S2, placing the fine-particle metal zirconium in a 50-20-10 mm size die, pressing under the pressure of 60MPa for 2min, and pressing into an electrode block. The pressed electrode blocks are arranged in a zirconium material feeding box and are loaded into an electron beam cold bed furnace, and the electron beam cold bed furnace is vacuumized to be less than or equal to 3.0 x 10 -3 And Pa, melting the electrode block into a zirconium ingot through raw material melting, refining, solidifying and cooling to obtain 340.7kg of zirconium ingot. The current of a melting zone is controlled to be 8-10A in the melting process, and the power is 220-300kw. The current of the refining zone is controlled at 2-3A, and the power is 40-80kw; controlling the current of the solidification region to be 3-5A, and controlling the power to be 80-150kw; the cooling time was 2h.

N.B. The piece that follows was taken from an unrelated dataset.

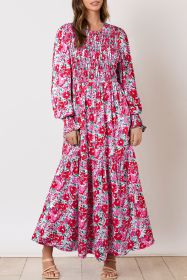 Boho Floral Print Smocked Puff Sleeve Tiered Maxi Dress (size: (US 16-18)XL)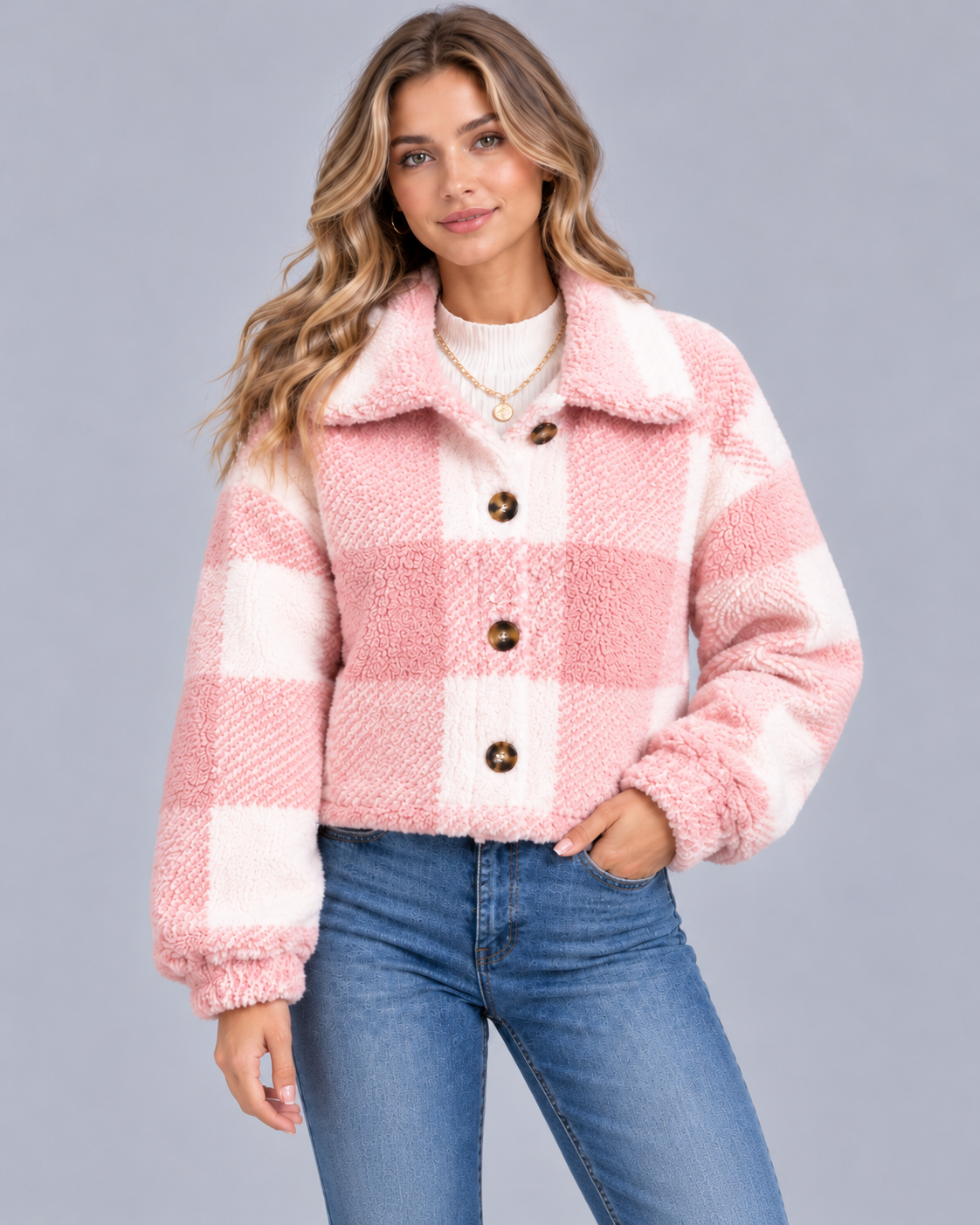 Women's Checked Teddy Fleece Jacket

S3, melting the zirconiumIngot scraps are pressed into zirconium cakes with the diameter less than or equal to 50mm, the zirconium cakes are filled into a reactor of an iodization furnace, the reactor is placed in a salt bath furnace, the reactor is vacuumized, and the vacuum degree is less than or equal to 6.0 x 10 -3 Pa, controlling the temperature of a salt bath furnace at 240-300 ℃, controlling the temperature of a mother wire in a reactor at 1370 ℃, adding iodine for iodination and purification, crystallizing zirconium on the mother wire, taking out the reactor after the reaction is finished, cooling, and taking out the crystallized zirconium to obtain 326.9kg of high-purity metal zirconium, wherein the purity of the product reaches 99.95%.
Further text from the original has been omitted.